* [Work item]: The answer should hold only the lines from the one containing "Riaz Arts The" through the one containing "LES SPECIALISTES Affiche" in the entries below, copied exactly, without pictures.
The data Start Marker
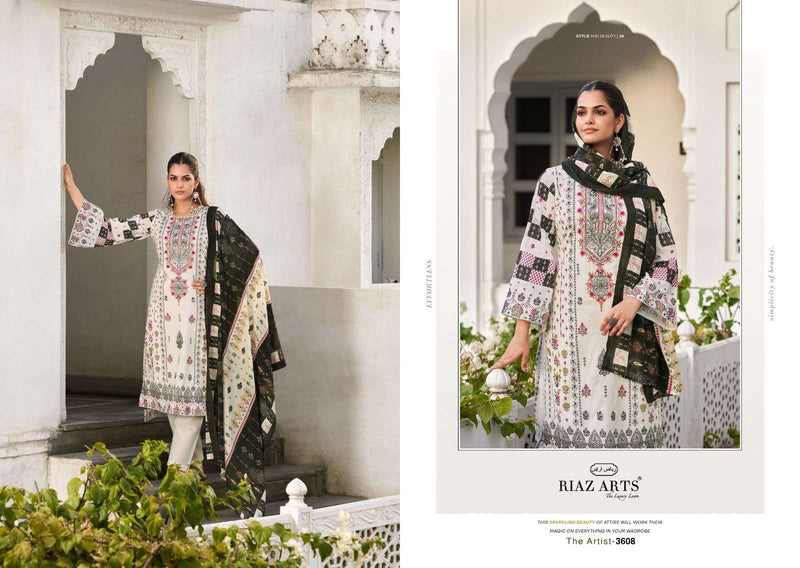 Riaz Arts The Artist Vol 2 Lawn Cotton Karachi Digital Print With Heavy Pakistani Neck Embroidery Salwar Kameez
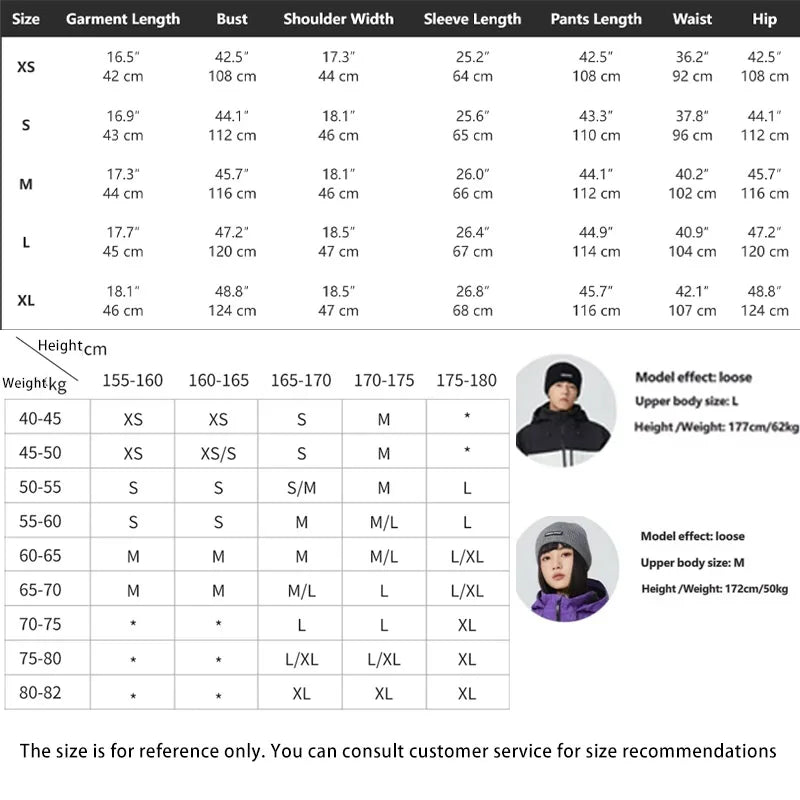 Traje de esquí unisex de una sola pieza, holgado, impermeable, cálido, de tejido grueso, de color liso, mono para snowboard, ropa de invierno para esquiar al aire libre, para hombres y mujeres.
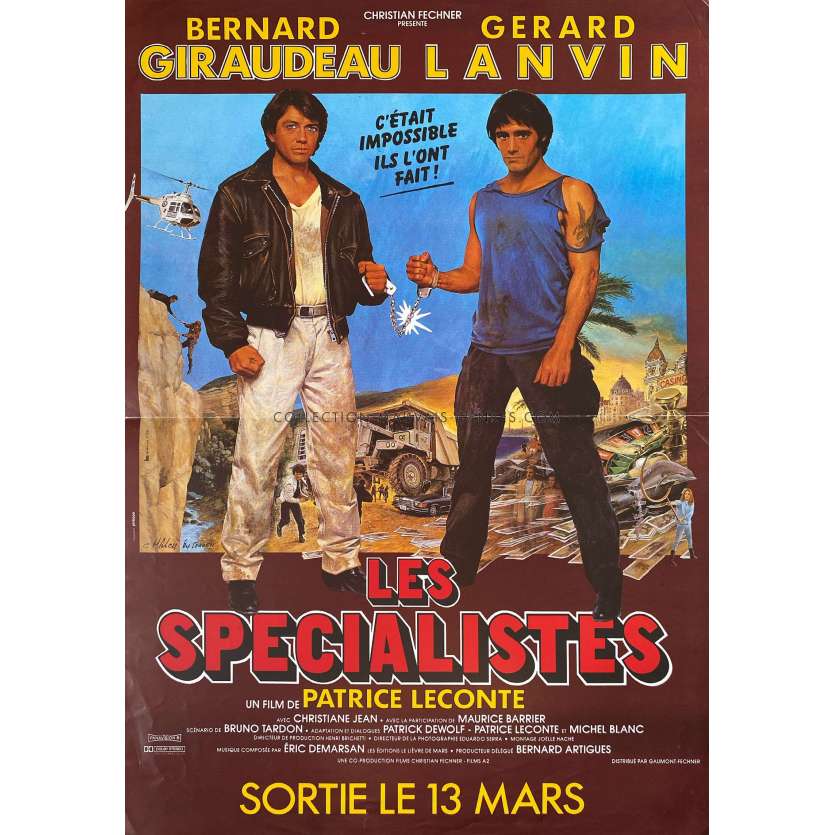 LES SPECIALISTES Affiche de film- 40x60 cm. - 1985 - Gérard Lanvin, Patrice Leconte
The data End Marker
The data Start Marker
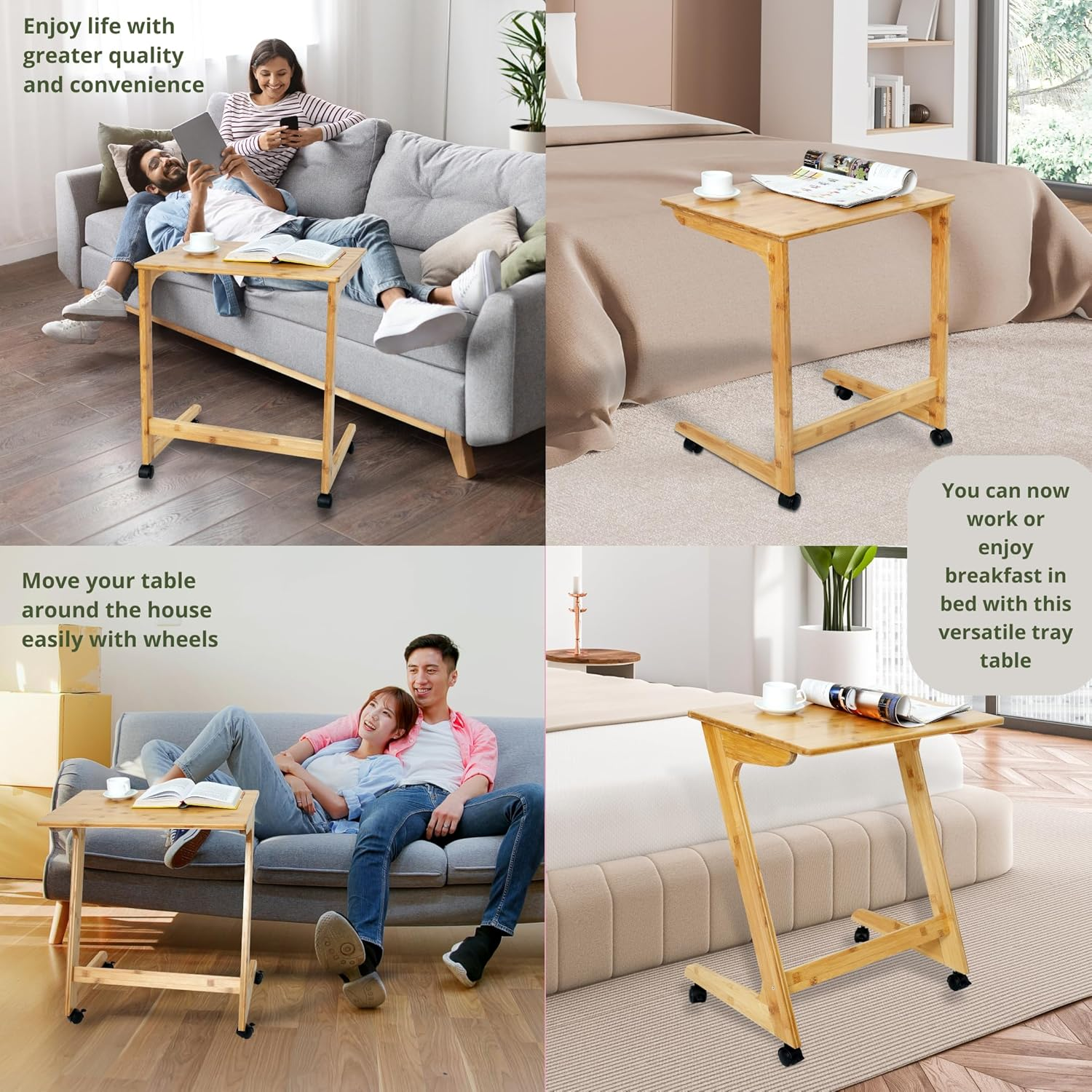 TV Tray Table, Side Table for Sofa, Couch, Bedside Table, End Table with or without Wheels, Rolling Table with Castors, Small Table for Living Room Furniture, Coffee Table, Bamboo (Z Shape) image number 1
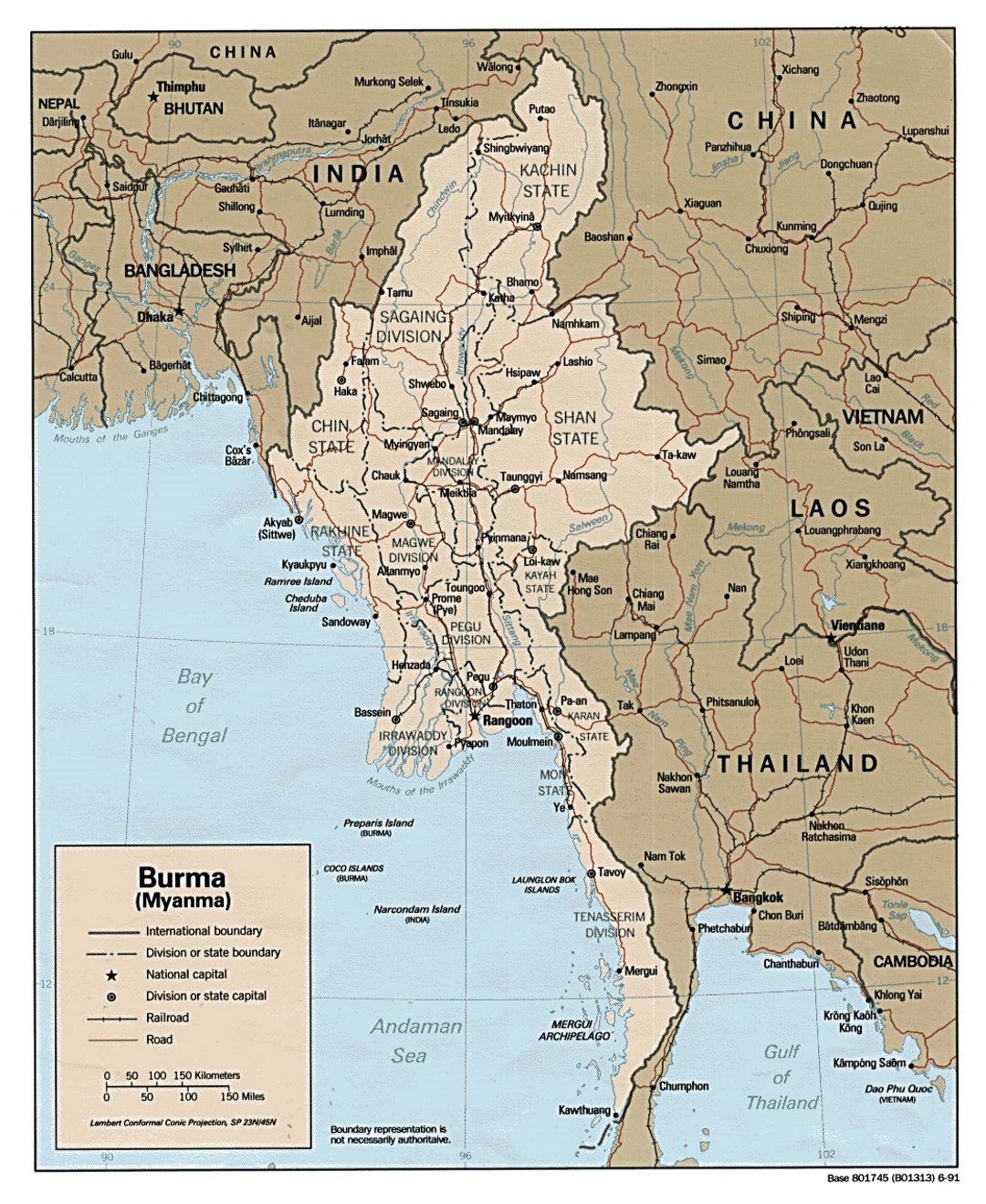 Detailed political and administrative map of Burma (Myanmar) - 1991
The data End Marker
The data Start Marker
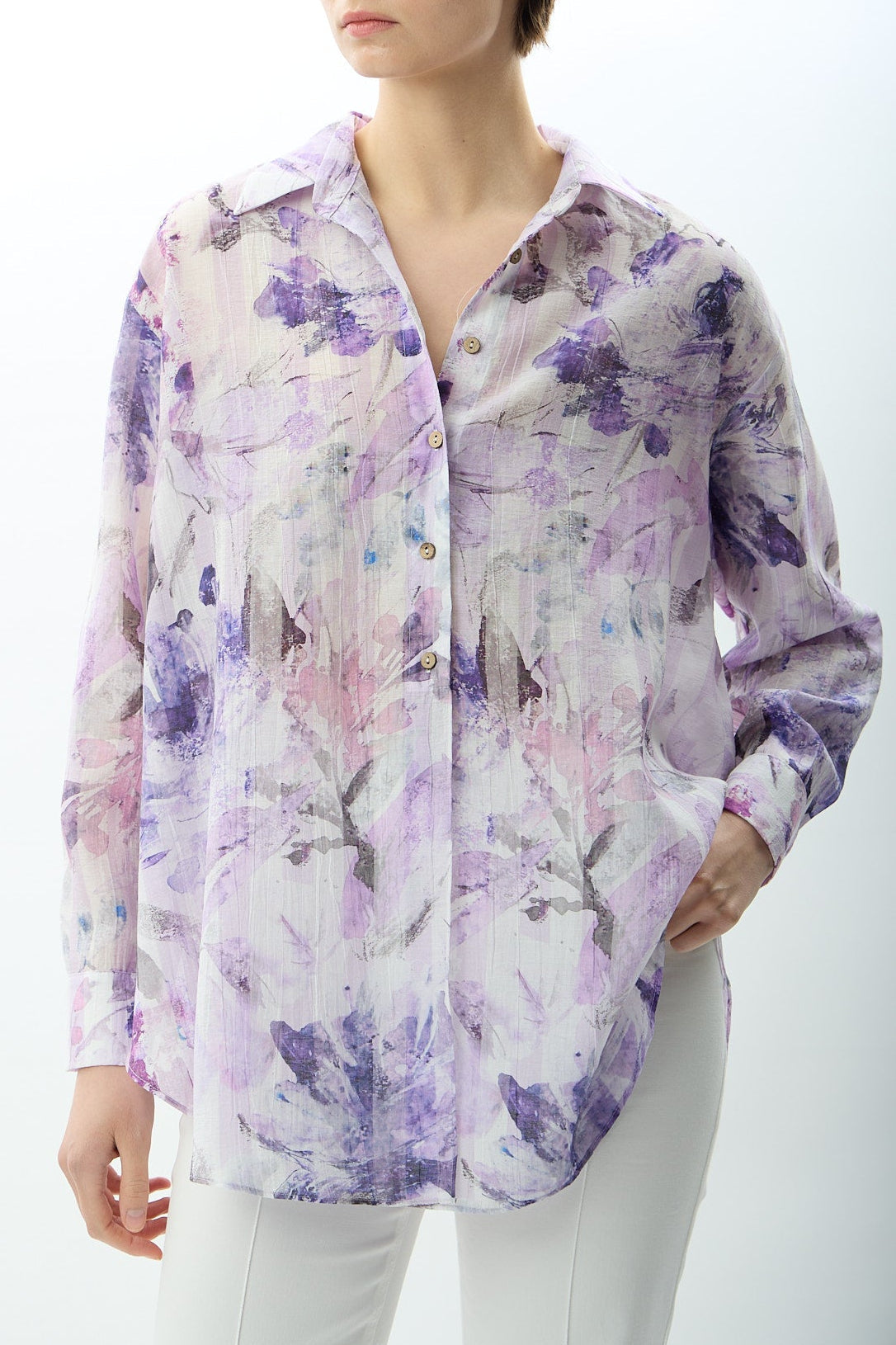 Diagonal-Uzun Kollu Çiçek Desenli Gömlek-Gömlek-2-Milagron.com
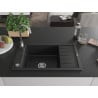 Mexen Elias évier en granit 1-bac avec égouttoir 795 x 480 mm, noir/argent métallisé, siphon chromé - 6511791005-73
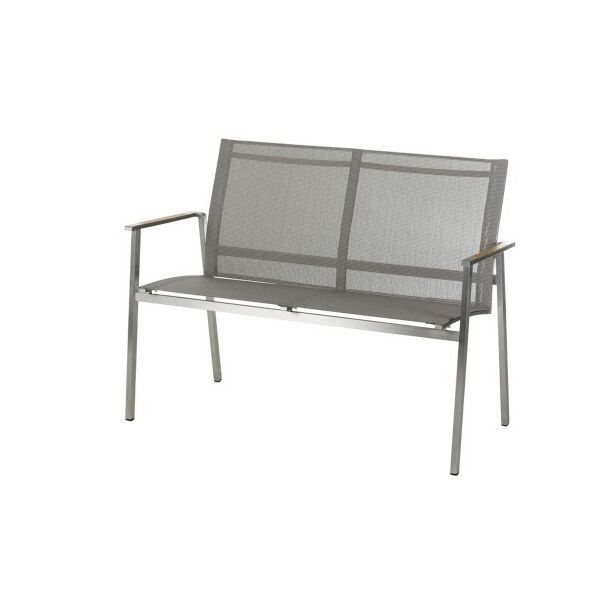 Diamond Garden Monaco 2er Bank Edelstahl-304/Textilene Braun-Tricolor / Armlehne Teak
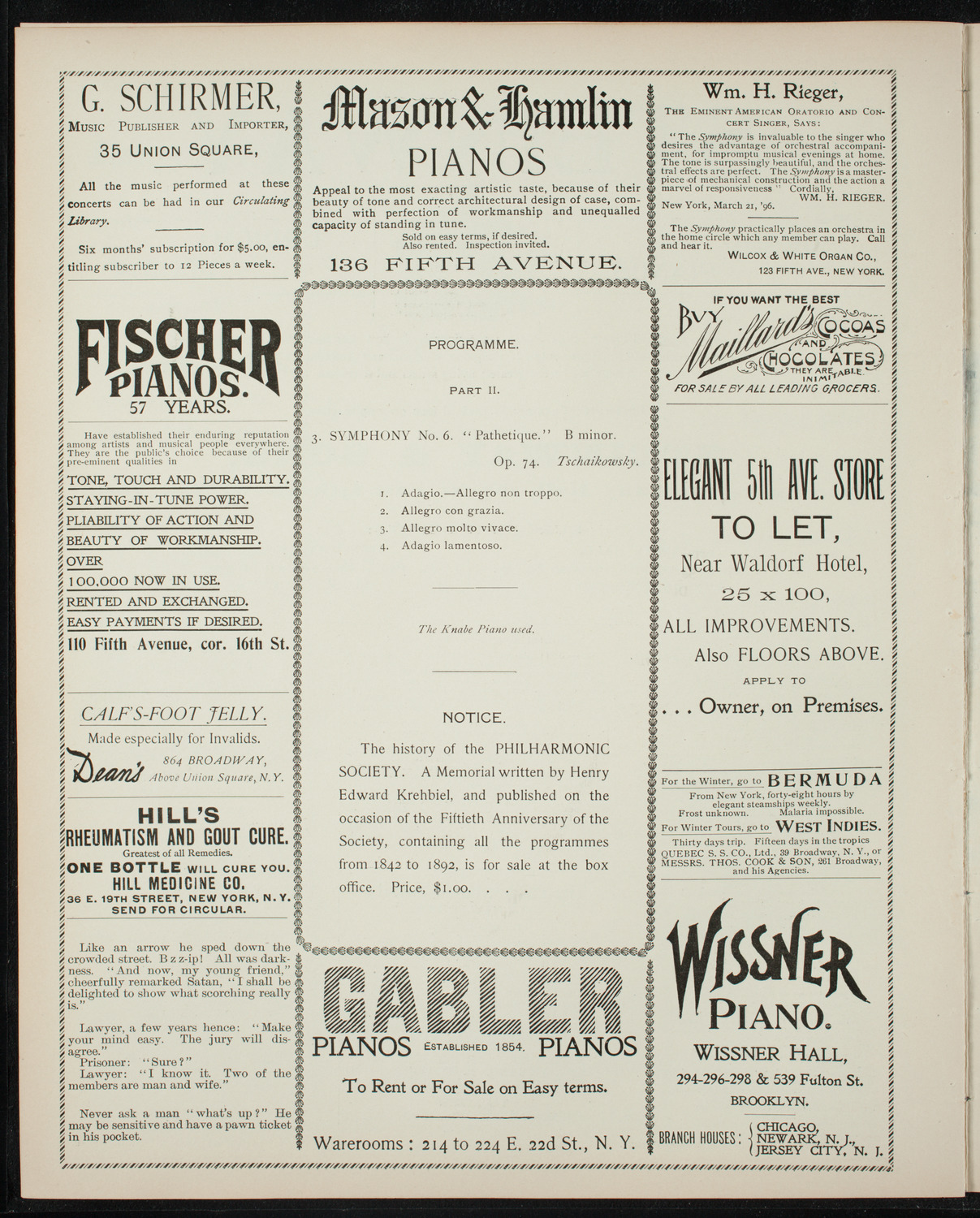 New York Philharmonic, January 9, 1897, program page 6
The data End Marker
* [Result]:
 Riaz Arts The Artist Vol 2 Lawn Cotton Karachi Digital Print With Heavy Pakistani Neck Embroidery Salwar Kameez
 Traje de esquí unisex de una sola pieza, holgado, impermeable, cálido, de tejido grueso, de color liso, mono para snowboard, ropa de invierno para esquiar al aire libre, para hombres y mujeres.
 LES SPECIALISTES Affiche de film- 40x60 cm. - 1985 - Gérard Lanvin, Patrice Leconte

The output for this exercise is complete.